Whatever the case may be, the fact is the solution to the affordable housing crisis is beyond just merely building more units, as it encompasses a myriad of other issues that link to economic and sociological conditions, income inequality, lack of public transit options, and even the idea of whether housing is a human rights issue in and of itself.

The Mississauga Food Bank recently held an affordable housing forum and invited candidates from the four major parties to attend and outline their vision and plans for housing. It was attended by NDP candidate Nikki Clarke (Mississauga-Malton) and Green candidate Libby Yuill (Mississauga-Erin Mills).
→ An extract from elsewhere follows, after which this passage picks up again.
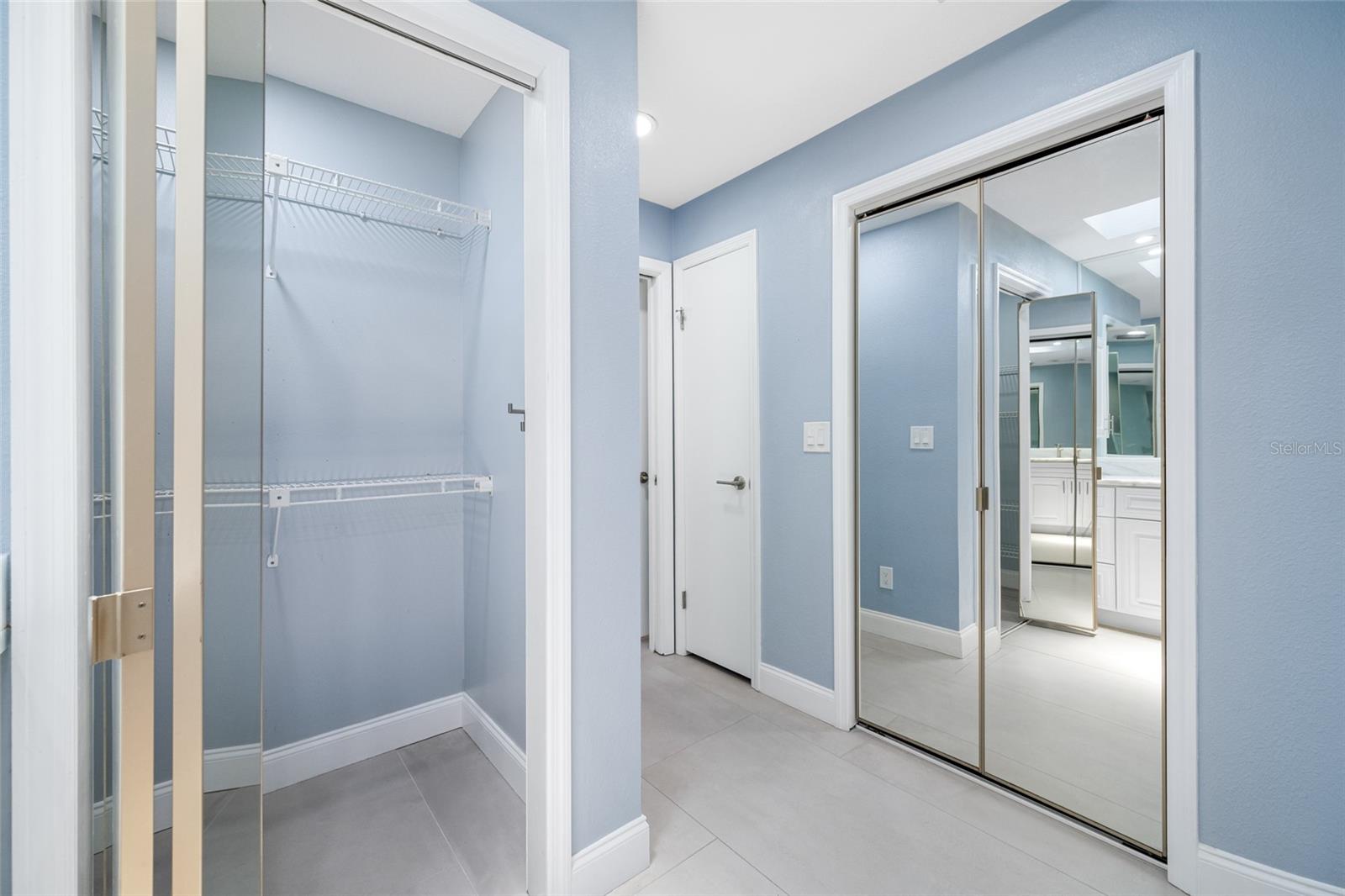 Listing photo id 25 for 5816 Dory Way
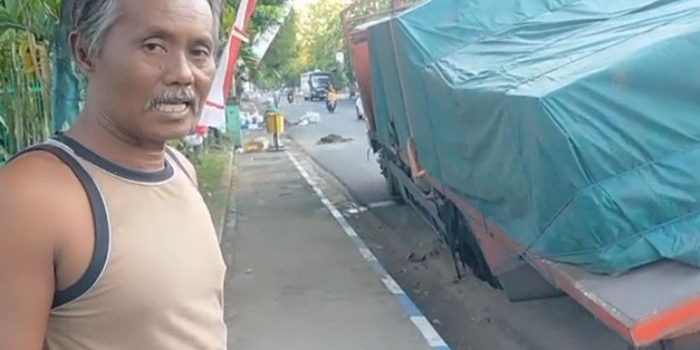 Tabib menunjukkan kendaraan truknya yang terperosok lubang galian jargas.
From left to right: Amanda King (Ontario Association of Food Banks), Meghan Nicholls (Interim Executive Director, MFB), Nikki Clarke (NDP, Mississauga Malton), Libby Yuill (Greens, Mississauga-Erin Mills)

The Liberals were originally going to send a candidate, but they had a last minute scheduling conflict, while the PCs did not respond to the invitation, according to MFB organizers.

Also, according to MFB annual reports, the single largest expense burdening food bank clients is housing. Housing is only considered affordable when costs do not exceed 30 per cent of a household’s gross income. But MFB finds that of the over 200,000 visits by clients to the food bank and other programs, those clients are using 62 per cent of that monthly income on housing.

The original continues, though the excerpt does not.